Joana menggeleng. "Belum. Tapi ijinkan saya bertemu dengan beliau, Mbak."
Reseptionis itu tersenyum. "Baiklah, ditunggu sebentar."
Lalu wanita itu menelepon seseorang yang Joana perkirakan adalah Pak Jofan. Setelahnya wanita itu tersenyum manis pada Joana.
"Joana, anda bisa bertemu dengan Pak Jofan sekarang. Pak Jofan sudah menunggu di ruangannya. Tidak lupa, kan, di mana ruangan Pak Jofan?"
Joana menganggukkan kepal, "Saya masih ingat," jawabnya kemudian.
Reseptionis mempersilahkan kala Joana berpamitan padanya, dan gadis itu sudah berjalan menuju lift bersiap mendatangi ruangan Jofan. Tak berselang lama tibalah Joana di lantai di mana ruangan Jofan berada.
"Selamat pagi, Mbak. Bisakah saya bertemu dengan Pak Jofan?" sapa Joana ramah pada sekretaris Jofan.
"Silahkan masuk, Pak Jofan menungumu di dalam."
"Terima kasih."
Sedikit gugup Joana rasakan kala pintu ruangan Jofan sudah terlihat di depan matanya. Dengan perlahan ia ketuk pintunya.
“Masuk ...!" jawaban dengan suara berat milik seorang pria membuat Joana merinding mendengarnya. Dengan takut Joana membuka pintu dan menyembulkan sedikit kepalanya lalu tersenyum dengan cantiknya pada Jofan.
"Selamat pagi, Pak Jofan."
"Masuklah, Joana!"
Joana megangguk melangkahkan kakinya dengan berat menuju kursi yang berada di depan meja kerja Jofan. Seperti kemarin saat ia datang ke kantor ini. Joana takut menatap mata tajam milik Jofan. Memilih menunduk dan menautkan kedua tangannya.

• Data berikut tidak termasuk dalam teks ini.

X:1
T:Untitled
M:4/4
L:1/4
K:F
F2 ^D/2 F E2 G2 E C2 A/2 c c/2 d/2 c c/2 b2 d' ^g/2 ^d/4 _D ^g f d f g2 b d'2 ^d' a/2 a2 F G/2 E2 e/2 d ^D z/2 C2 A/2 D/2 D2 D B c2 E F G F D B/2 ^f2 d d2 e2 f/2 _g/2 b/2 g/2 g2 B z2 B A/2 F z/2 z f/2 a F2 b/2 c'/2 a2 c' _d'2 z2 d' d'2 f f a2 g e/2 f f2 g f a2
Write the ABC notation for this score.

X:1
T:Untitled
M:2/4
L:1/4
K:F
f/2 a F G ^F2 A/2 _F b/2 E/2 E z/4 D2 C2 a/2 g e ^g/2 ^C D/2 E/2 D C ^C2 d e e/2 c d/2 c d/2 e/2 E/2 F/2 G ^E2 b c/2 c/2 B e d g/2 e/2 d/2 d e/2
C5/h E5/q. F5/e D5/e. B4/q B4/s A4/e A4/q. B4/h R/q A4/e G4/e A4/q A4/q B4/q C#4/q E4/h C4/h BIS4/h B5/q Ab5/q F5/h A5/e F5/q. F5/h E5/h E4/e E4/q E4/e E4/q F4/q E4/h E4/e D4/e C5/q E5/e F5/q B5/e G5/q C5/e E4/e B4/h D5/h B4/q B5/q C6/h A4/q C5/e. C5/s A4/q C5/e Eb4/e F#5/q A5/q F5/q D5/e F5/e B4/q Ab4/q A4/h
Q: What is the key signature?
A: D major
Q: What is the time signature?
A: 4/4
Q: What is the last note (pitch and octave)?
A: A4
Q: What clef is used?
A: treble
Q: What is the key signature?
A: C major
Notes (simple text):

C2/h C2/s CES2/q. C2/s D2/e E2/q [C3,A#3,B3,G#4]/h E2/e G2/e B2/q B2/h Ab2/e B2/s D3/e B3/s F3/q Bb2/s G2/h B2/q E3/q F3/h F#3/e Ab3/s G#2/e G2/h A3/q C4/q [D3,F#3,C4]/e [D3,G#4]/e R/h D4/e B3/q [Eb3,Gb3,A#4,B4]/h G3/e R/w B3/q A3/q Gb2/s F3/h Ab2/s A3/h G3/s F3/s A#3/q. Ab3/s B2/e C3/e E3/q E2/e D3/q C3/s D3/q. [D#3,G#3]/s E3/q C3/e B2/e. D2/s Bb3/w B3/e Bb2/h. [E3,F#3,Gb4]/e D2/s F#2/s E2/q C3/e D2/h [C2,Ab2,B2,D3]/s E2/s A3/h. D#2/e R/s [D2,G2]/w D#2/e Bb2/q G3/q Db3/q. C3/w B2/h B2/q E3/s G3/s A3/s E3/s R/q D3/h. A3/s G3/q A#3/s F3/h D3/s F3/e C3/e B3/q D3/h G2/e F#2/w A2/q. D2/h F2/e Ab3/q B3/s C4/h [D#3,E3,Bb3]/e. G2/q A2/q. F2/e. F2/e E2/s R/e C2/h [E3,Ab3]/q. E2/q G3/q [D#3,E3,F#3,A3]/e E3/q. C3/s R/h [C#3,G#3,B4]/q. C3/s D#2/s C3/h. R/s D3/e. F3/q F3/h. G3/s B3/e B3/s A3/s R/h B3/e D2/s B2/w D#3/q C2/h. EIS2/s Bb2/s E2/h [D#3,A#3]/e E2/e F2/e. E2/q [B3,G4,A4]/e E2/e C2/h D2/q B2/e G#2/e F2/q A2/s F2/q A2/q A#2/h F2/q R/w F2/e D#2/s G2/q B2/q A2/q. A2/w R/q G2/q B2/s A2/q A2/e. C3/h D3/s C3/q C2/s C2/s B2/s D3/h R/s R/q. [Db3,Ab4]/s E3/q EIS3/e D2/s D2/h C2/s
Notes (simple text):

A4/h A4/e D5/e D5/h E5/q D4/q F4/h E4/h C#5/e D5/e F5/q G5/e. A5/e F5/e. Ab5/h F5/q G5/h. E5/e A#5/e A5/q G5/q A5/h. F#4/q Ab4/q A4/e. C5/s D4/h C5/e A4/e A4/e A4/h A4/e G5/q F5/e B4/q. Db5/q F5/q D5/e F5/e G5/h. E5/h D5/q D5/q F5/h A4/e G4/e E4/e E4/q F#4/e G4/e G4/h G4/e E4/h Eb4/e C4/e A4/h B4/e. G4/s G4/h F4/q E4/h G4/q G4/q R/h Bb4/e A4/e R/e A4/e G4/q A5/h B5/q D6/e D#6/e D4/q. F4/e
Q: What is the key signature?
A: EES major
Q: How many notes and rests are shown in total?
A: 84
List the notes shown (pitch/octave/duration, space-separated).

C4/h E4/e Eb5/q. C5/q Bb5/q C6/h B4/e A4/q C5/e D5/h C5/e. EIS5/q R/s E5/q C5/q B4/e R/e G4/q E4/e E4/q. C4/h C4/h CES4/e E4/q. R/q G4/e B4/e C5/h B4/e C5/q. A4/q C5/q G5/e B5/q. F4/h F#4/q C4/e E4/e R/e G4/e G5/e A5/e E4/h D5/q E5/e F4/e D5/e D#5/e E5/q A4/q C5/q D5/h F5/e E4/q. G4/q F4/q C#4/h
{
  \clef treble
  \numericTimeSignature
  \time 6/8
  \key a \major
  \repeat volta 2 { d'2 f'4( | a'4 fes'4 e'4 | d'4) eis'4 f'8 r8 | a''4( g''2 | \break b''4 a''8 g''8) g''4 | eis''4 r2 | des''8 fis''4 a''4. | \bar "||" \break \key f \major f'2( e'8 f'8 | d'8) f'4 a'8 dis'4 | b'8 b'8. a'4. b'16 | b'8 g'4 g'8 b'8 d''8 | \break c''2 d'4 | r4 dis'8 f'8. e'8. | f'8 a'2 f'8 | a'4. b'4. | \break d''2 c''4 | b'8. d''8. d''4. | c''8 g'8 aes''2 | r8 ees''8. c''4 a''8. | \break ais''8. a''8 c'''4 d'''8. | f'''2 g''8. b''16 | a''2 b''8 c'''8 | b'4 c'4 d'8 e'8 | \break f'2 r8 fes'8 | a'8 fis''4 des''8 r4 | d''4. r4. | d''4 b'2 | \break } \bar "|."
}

"Jadi ... ada apa kau menemuiku Joana? Apakah adikmu membutuhkan biaya lagi? Dengan senang hati aku akan membantumu jika memang kau perlu biaya untuk perawatan adikmu."
Dengan panik Joana mendongak menatap Jofan. "Tidak ... tidak ... bukan itu." Joana mendengus. Bisa-bisanya Jofan mengira bahwa kehadirannya untuk melakukan peminjaman uang lagi. Mungkin lain kali dia akan menemui pria itu untuk meminjam uang jika ia membutuhkan biaya untuk pengobatan Jery, tapi tidak dengan kali ini.
"Jika seperti itu lalu ..." Jofan tak melanjutkan kalimatnya berharap Joana yang meneruskan ucapannya.
"Saya ... saya ... hanya ingin berterima kasih pada anda, Om Jofan,” jawab Joana terbata. Sukses membuat panggilannya pada Jofan berubah dari Pak menjadi Om Jofan karena dia gugup dan juga panik.
Jofan tersenyum tipis. Bahkan karena tipisnya Joana tak mampu melihatnya.
"Hanya itu?" tanya Jofan tak percaya.
Joana mengangguk. "Ya, hanya itu. Jika tidak karena bantuan Om Jofan, mungkin hingga detik ini Jery masih di rawat di rumah sakit dan saya masih kesulitan untuk mencari biayanya."
"Jika memang seperti itu kenapa kau harus repot-repot datang ke kantorku? Bukankah kau bisa meneleponku, Joana?"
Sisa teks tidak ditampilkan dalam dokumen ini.